> [AIM OF THE EXERCISE]:
Starting at the line that contains "Petugas Dinas Perhubungan", return every line through the end of the data exactly, without pictures.

> [Image-text web data]:
________________

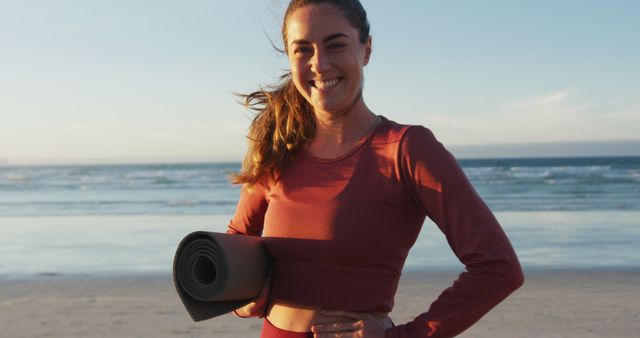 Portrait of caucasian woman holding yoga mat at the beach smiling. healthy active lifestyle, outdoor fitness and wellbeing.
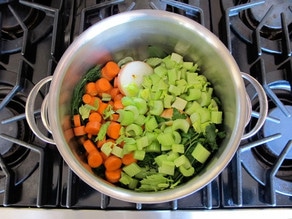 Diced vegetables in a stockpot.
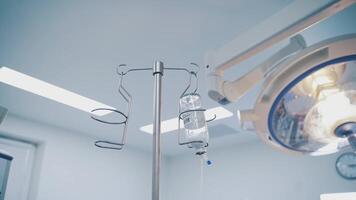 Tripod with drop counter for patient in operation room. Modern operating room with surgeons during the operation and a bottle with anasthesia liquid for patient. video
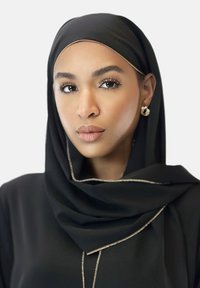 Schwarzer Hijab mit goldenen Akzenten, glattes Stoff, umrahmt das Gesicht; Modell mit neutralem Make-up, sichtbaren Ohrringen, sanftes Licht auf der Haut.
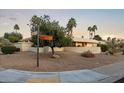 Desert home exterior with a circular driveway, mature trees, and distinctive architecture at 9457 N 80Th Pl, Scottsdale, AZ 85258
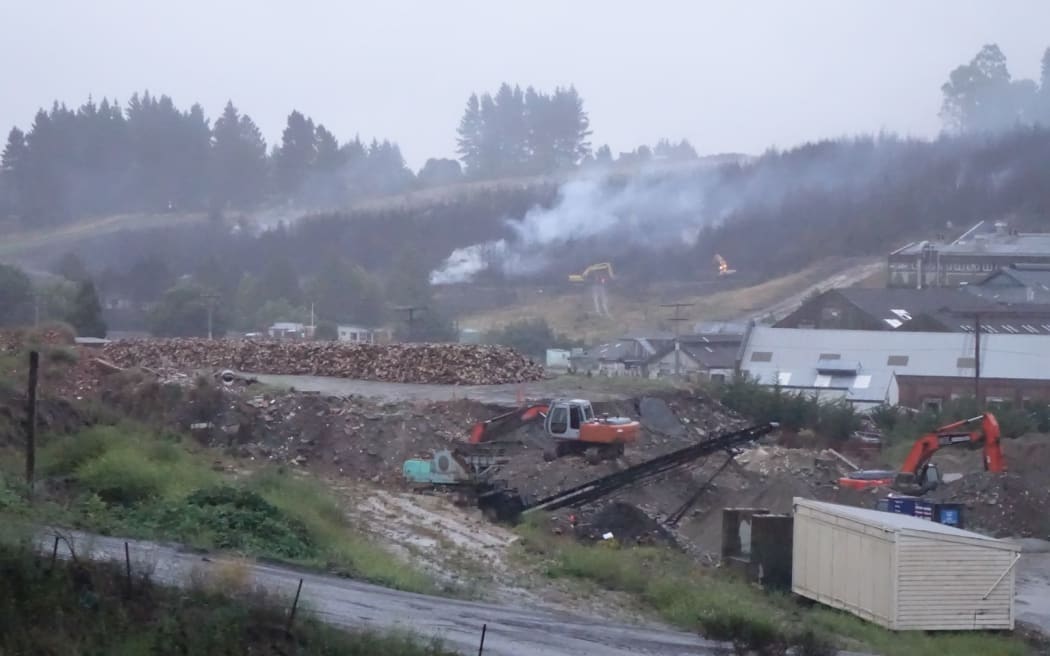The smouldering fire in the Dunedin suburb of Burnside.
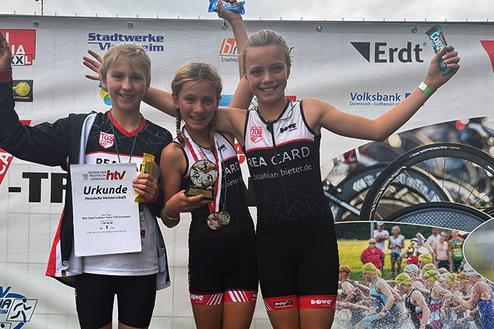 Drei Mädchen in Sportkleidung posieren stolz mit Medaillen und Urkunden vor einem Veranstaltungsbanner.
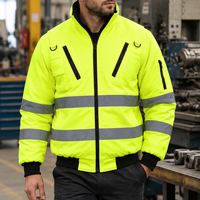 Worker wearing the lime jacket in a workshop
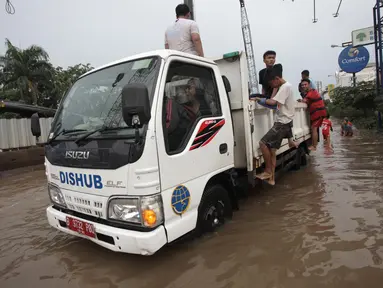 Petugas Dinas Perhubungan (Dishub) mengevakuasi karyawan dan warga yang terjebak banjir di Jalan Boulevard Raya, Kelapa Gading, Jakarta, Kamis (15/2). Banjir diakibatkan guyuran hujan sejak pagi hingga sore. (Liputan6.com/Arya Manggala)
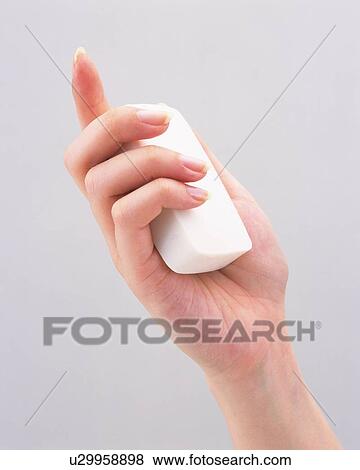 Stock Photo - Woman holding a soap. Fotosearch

________________

> [ANSWER TO THIS PROBLEM]:
 Petugas Dinas Perhubungan (Dishub) mengevakuasi karyawan dan warga yang terjebak banjir di Jalan Boulevard Raya, Kelapa Gading, Jakarta, Kamis (15/2). Banjir diakibatkan guyuran hujan sejak pagi hingga sore. (Liputan6.com/Arya Manggala)
 Stock Photo - Woman holding a soap. Fotosearch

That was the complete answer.